My journey began with a car called the Super 6. This was an inline 6 sports coupe which turned out pretty good. After this, I decided to try and squeez a small V8 into this tiny chassis. To my surprise, I was able to fit one! Albiet, quite small at 200ci (3.2L). I decided to pilfer the “Super” model from Brighton Motors to use as a trim designation. I felt it suited this car more.

Without further ado, I present to you, the first automobile from Argus: The 1953 Tempest Super 8

More to come.


Here’s the stats page for the car. In sandbox mode, I feel markets are pretty irrelevant, but I suppose it’s good practice for the campaign. To that end, I was shooting for the Light Sport segment. Initially, I didn’t quite hit the mark and instead created a more track oriented car. In fact, it acheived a market rank of 92% in this segment. After playing with the tuning a little more, I was able to get a peak of 72.5 Competitivness @ a 10% profit margin in the L. Sport segment with an affordability rating of 88%. The Track Premium segment favoured this car slightly more with 80.7 and 88.9%, respectively.

On the design side of things, the early body styles still seem to have limited morphing capability. Also, the default and non-removable bumpers and default mirrors really need to go. I’m looking at you, generic muscle car body. But I digress. The first Tempest is of course reminiscent of the C1 Corvette and AC Cobra. I think it’s a healthy melding of the two. I would have liked to add a more fast-back-esq rear window, but as I said above, the morphing is very limited on this body.

The V8 is very small at 200ci, but it really was an experiment for Argus. Brighton Motors is the parent company of Argus and supplier of all Argus’ engines. BM had started work on V8 engines fairly early on and most of their production engines were now around 400ci or above. These torquey, gas guzzlers were needed to power the larger vehicles being used to help rebuild Gasmea after the war. However, even BM had to start somewhere. Their first V8 engine was a 200ci experimental. More of an R&D platform to test their engineering. It was never meant for production. However, after seeing the success in sales of Argus’ Tempest Super 6, the parent began to wonder if they could put their little 200ci zinger to good use.

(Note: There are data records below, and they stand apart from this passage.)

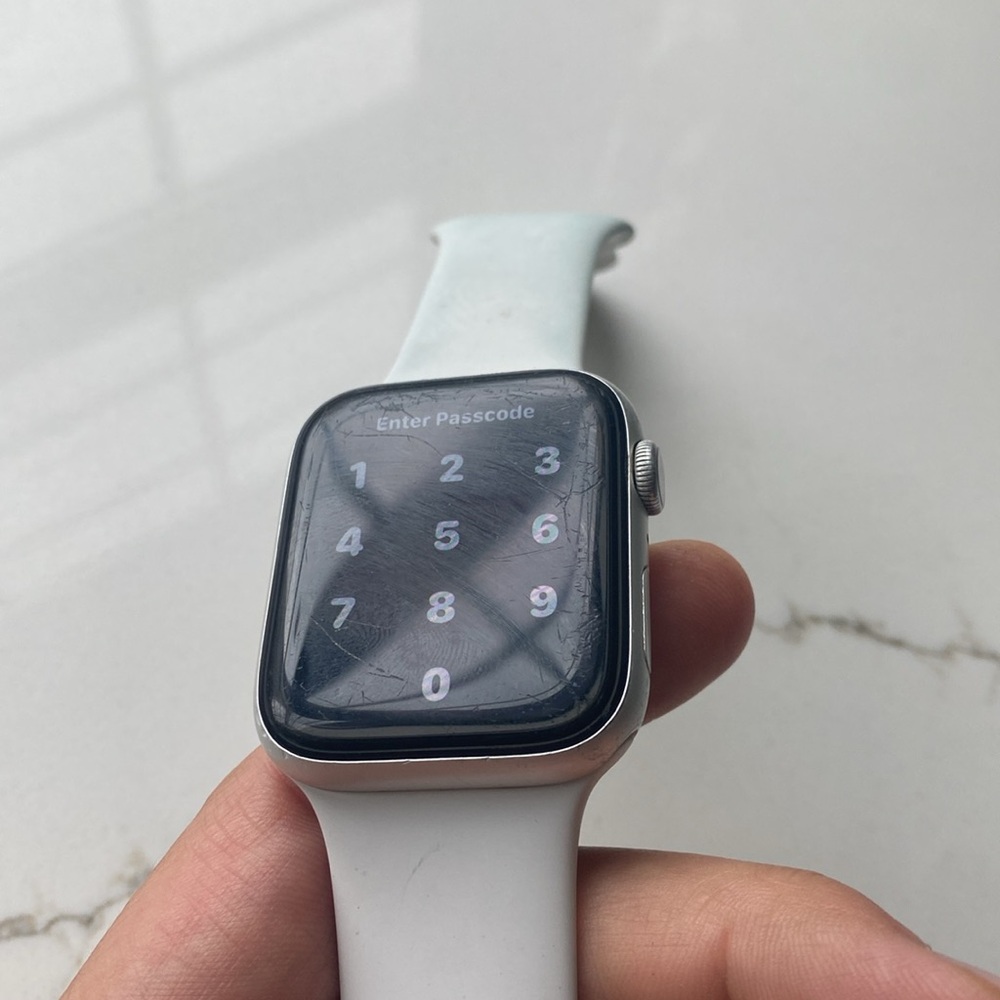 Apple Watch 44 MM Series 4 Silver Aluminum Case White Sport Band - Picture 7 of 16
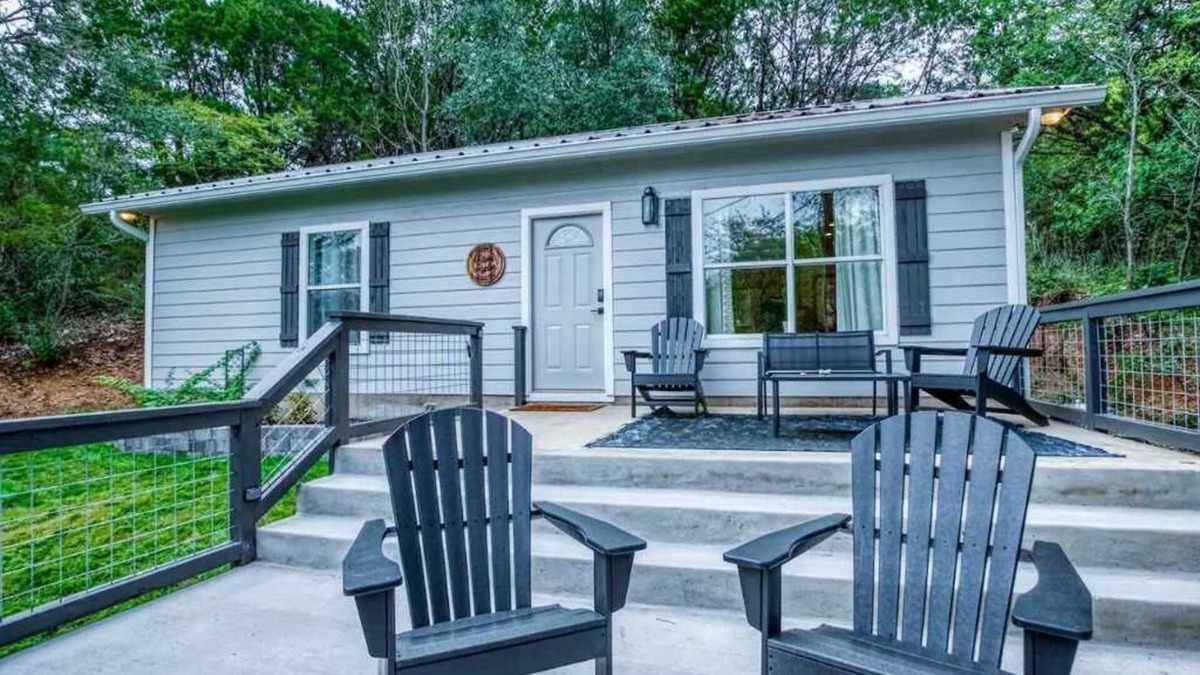 Kyle Cabin | River Access | Grill | Firepit | Sleeps 5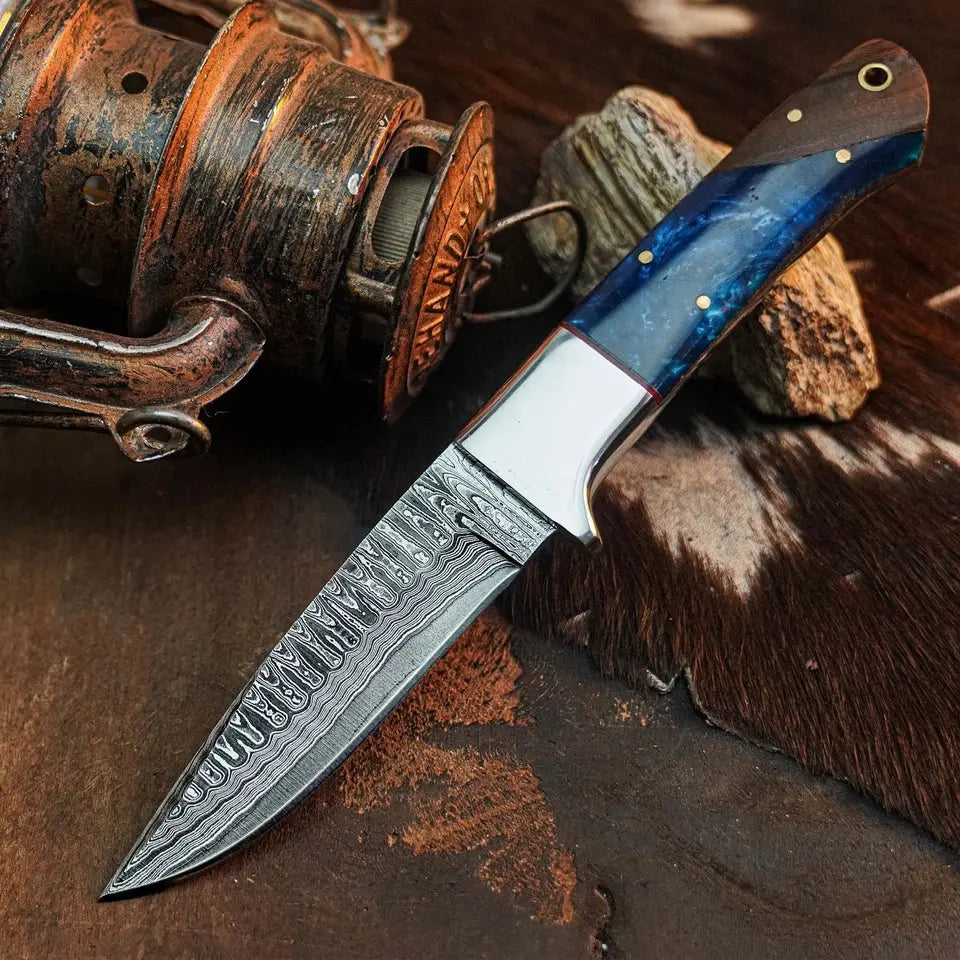 8.8" Handmade Damascus Bushcraft Knife – Full Tang Resin Handle & Sheath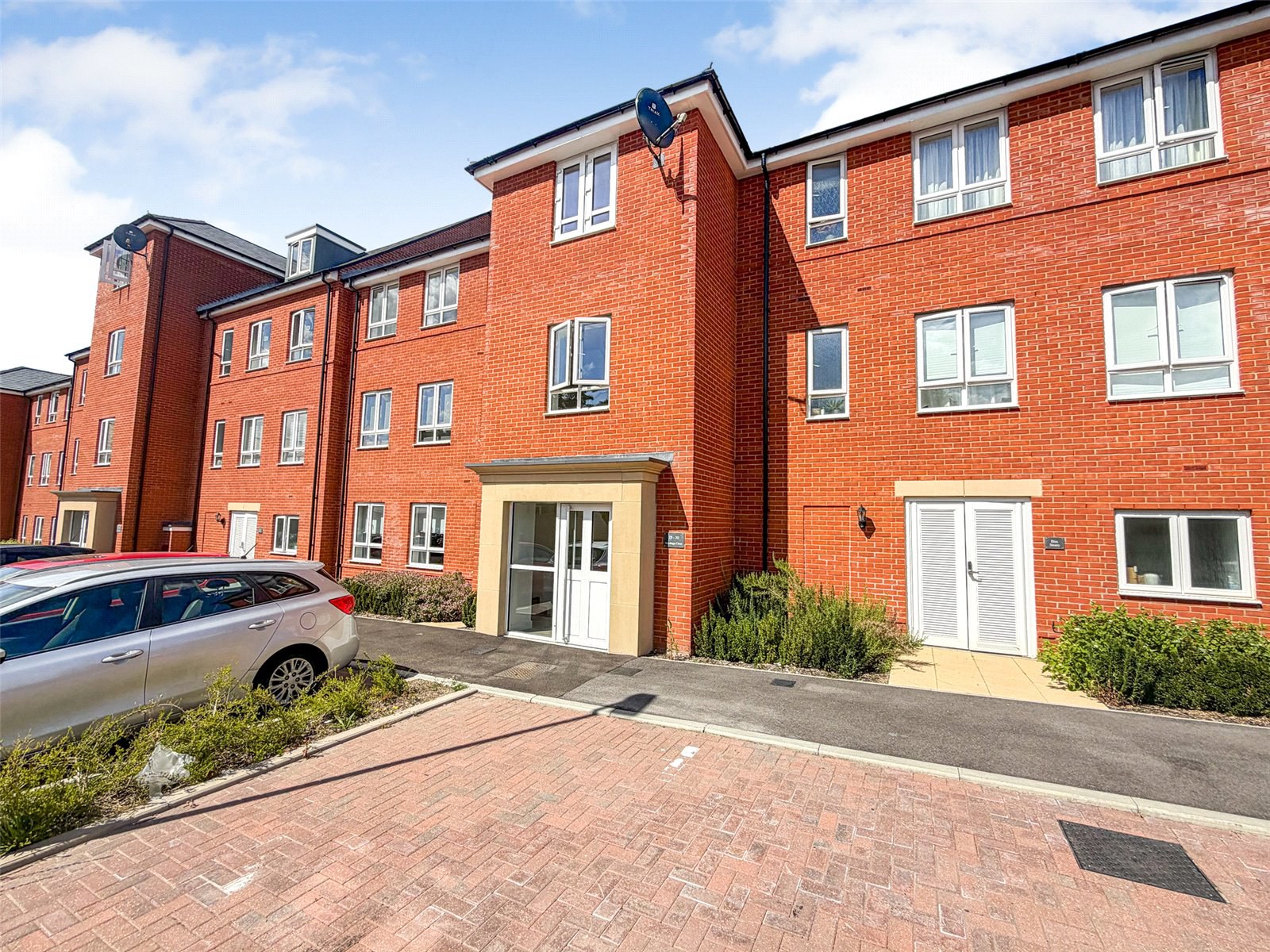 Hardinge Close, Wellesley, Aldershot, Hampshire, GU11, photo 14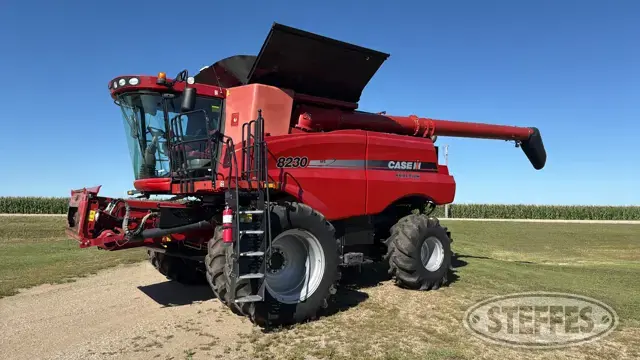 2012 Case IH 8230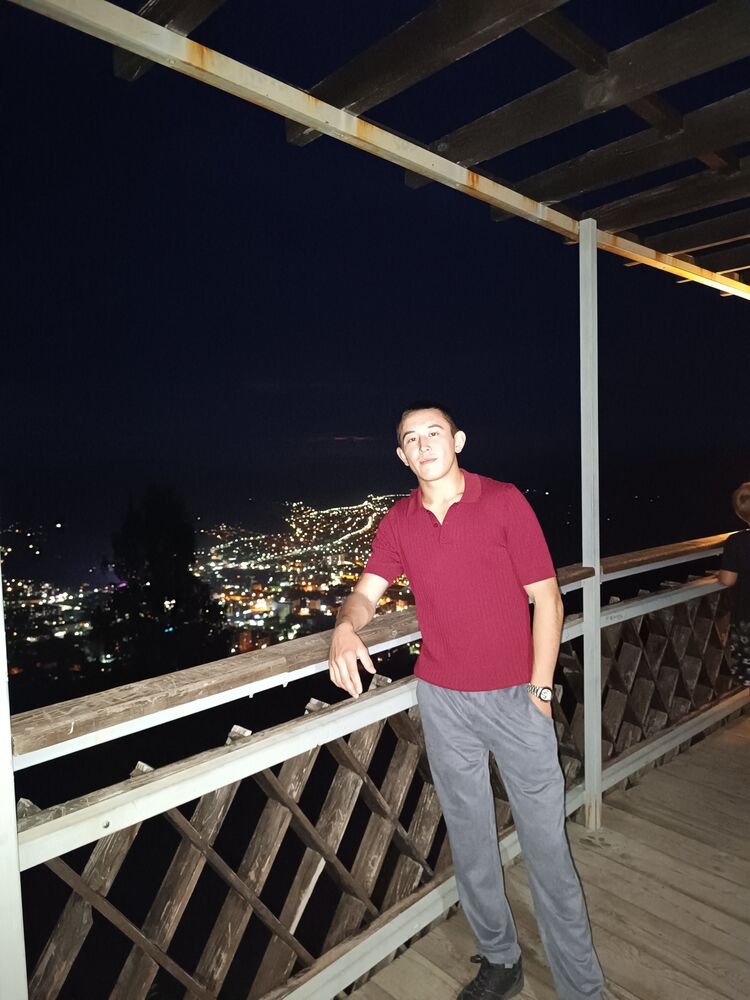  53371428  Aisur, 26 ,     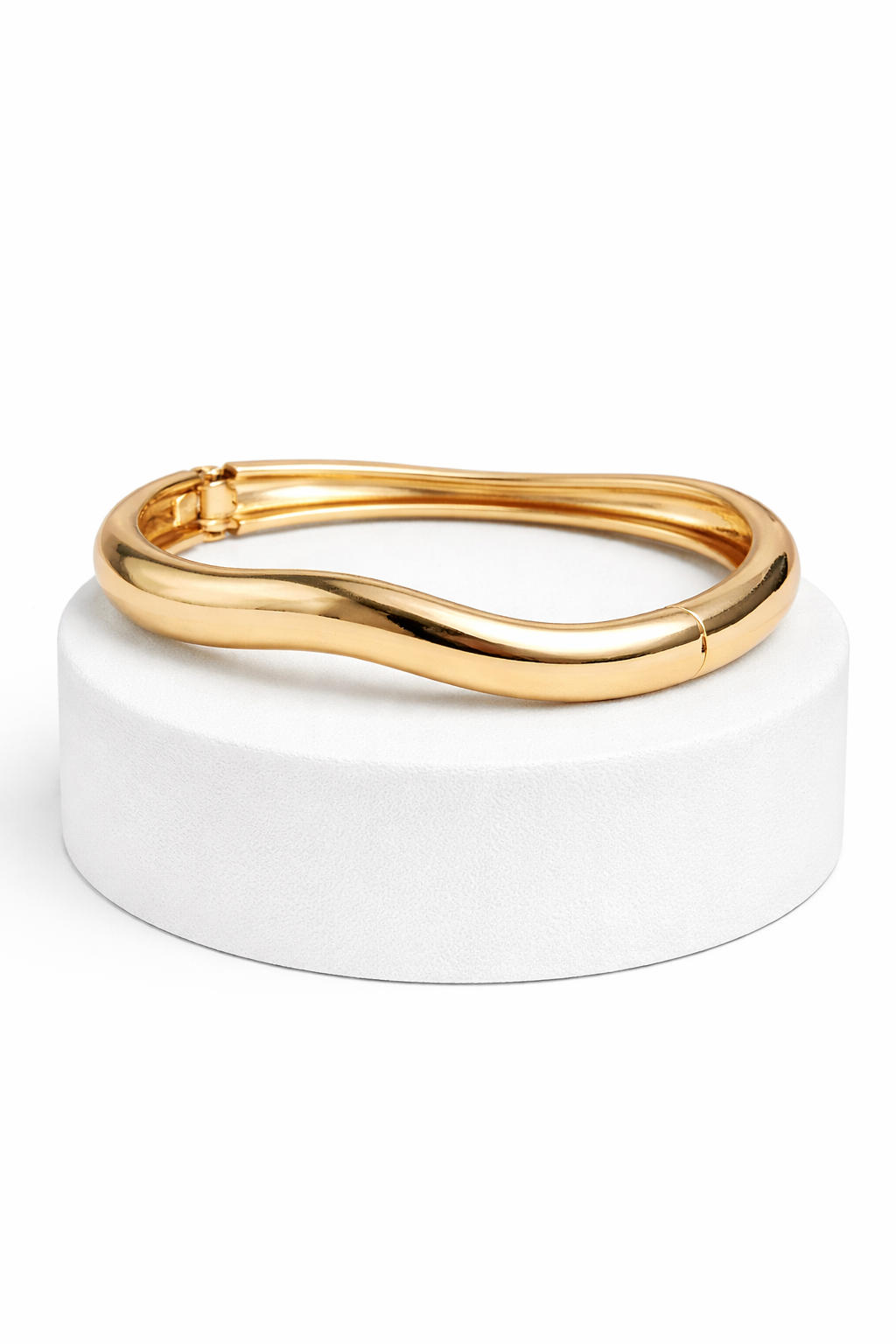 Contour Wave Cuff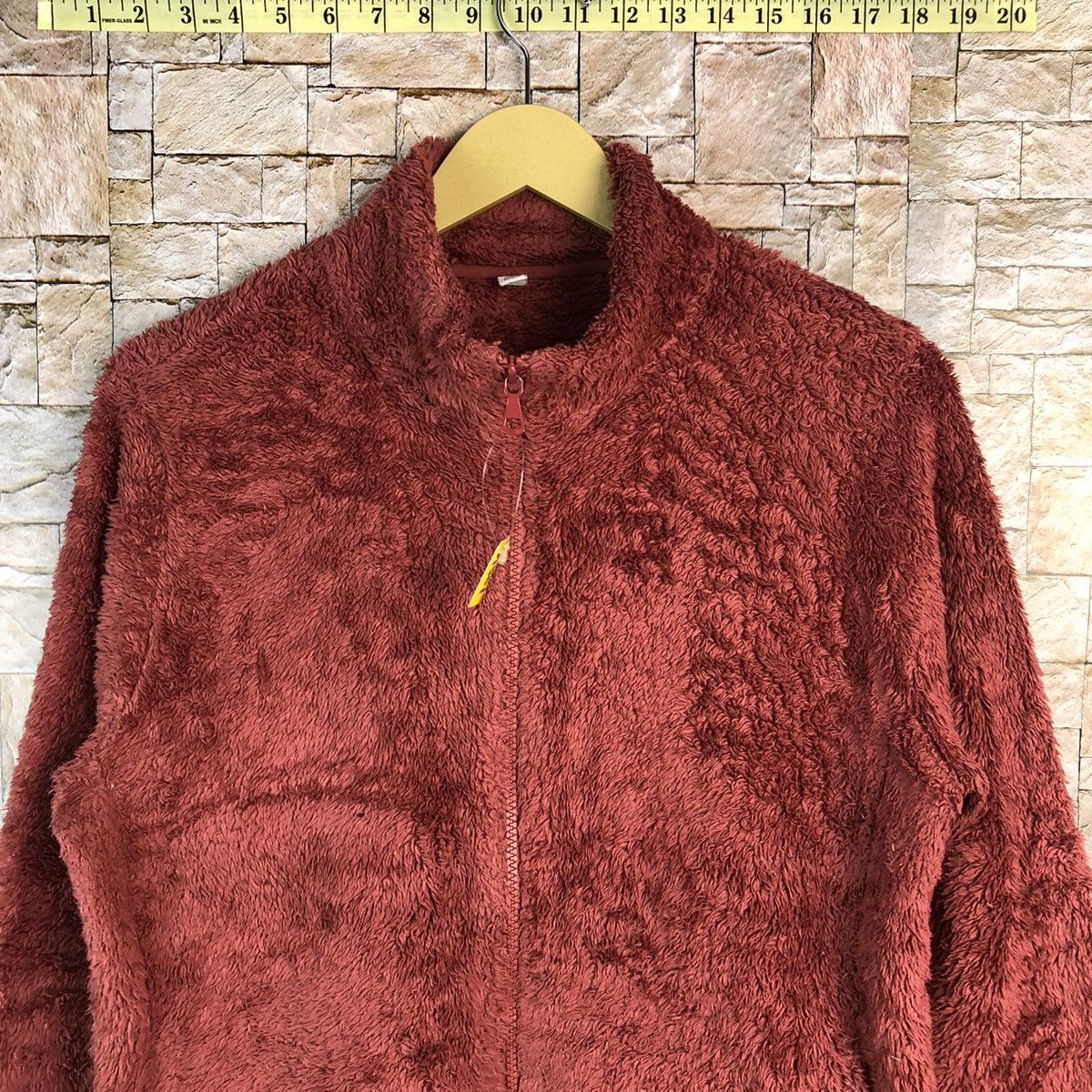 Japanese Brand Uniqlo Red fleece Sweater #A501 Size US M / EU 48-50 / 2 - 5 Thumbnail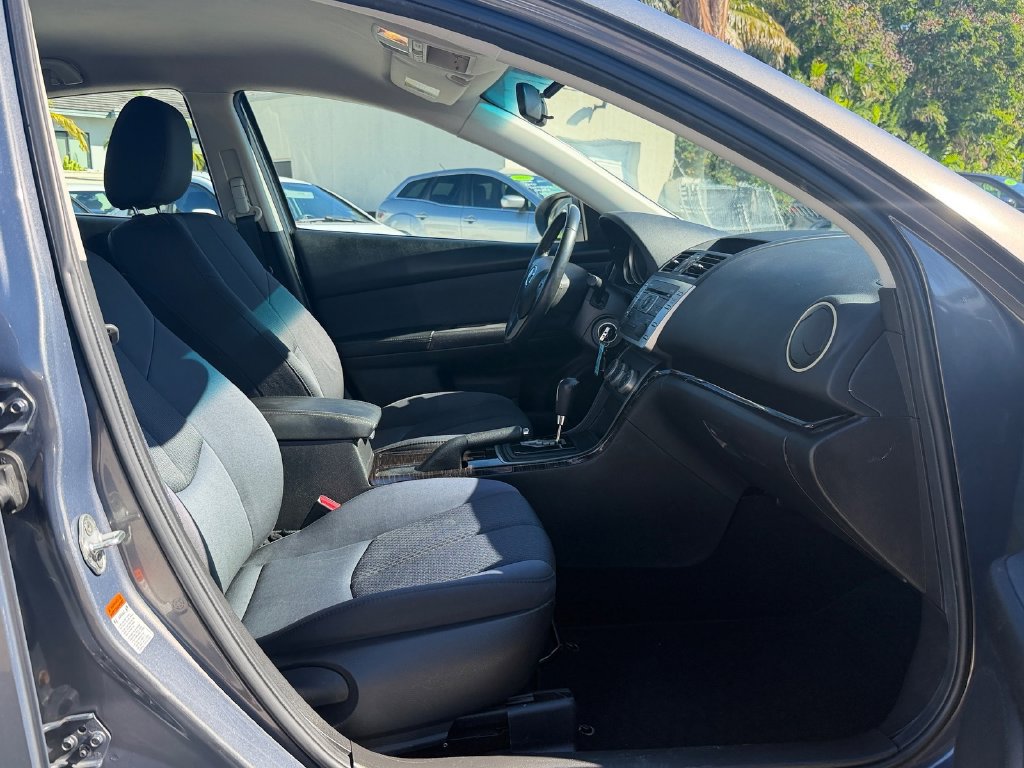 Used 2011 MAZDA MAZDA6 i Touring FWD image 18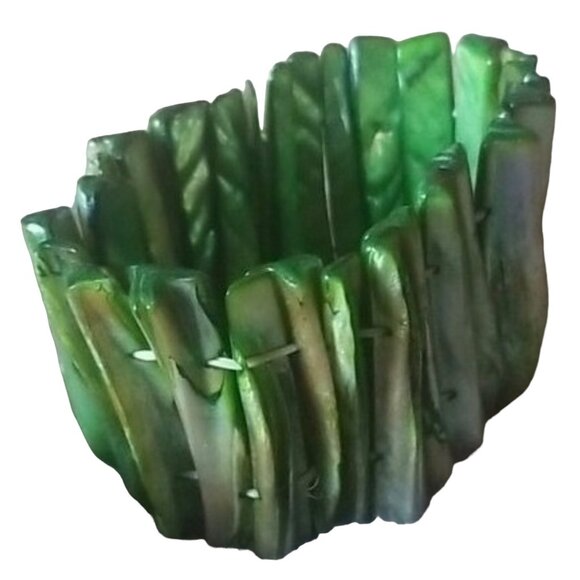 Green Irridescent Stretch Stone Bracelet Mother of Pearl Style Boho Style - Picture 4 of 4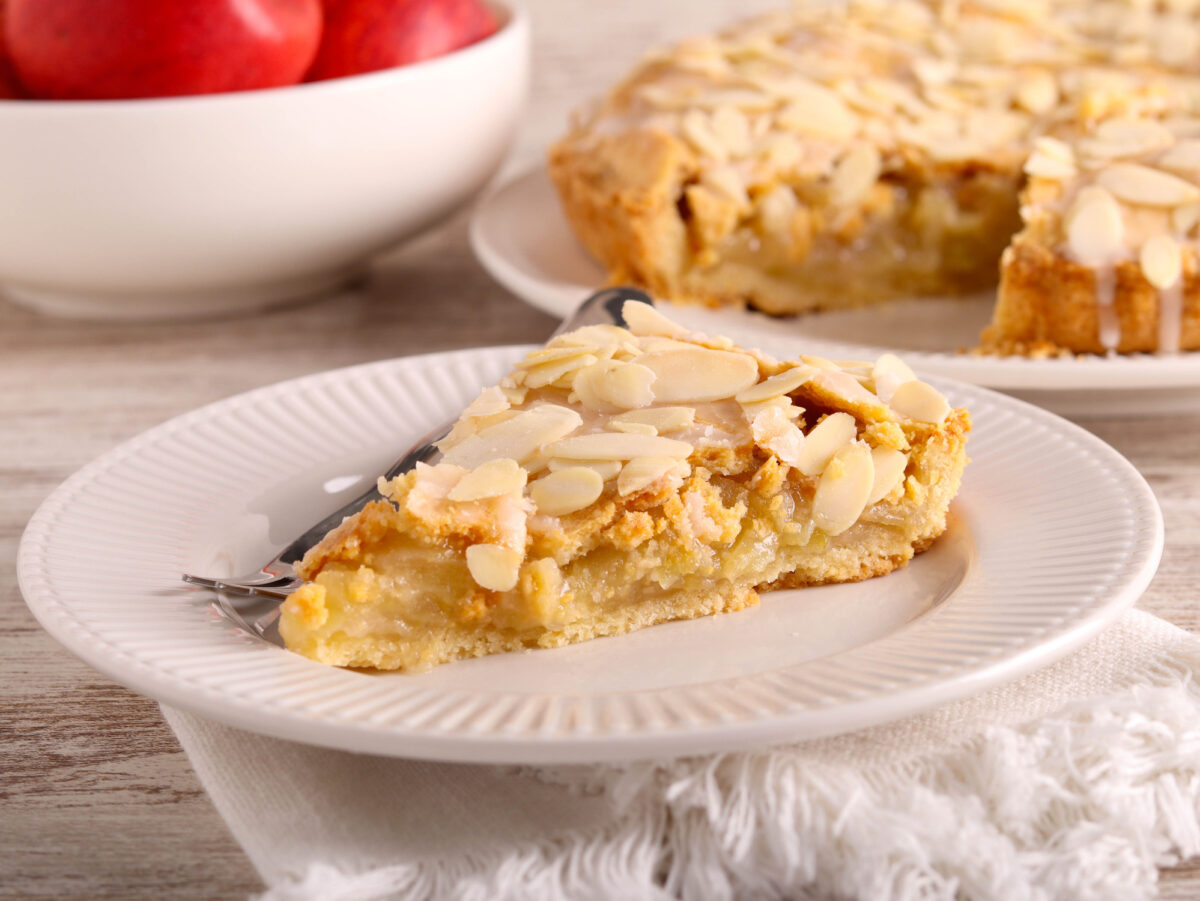 Fresh apple tart with almond topping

Initially, the Super 8 was born out of a rough and ready garage hot-rodding job. Basically, a small team of BM and Argus engineers shoehorned one of only two remaining 200ci V8s into a Super 6 chassis. The results were impressive, but not earth shattering. That wasn’t exactly surprising, though. After all, the engine was only 40ci bigger than the straight 6 it replaced. Outright performance wasn’t the goal here. It was the feeling. The feeling of having that little V8 howl up to 4700rpm. The sound it made was incredible.

Although the little V8 engine was classed as experimental, it was pretty much ready for production. There were some minor tweaks made to fueling and igniton timing, but other than that, it was ready to go. The car chassis itself also needed fairly minor teaks. Some slightly beefed up guards to fit bigger wheels, tyres and brakes, and the car was in production for the 1953 model year.


This one looks like an Austin-Healey, which is a good thing. Anyway, it’s nice to see you back on the forums after a long absence.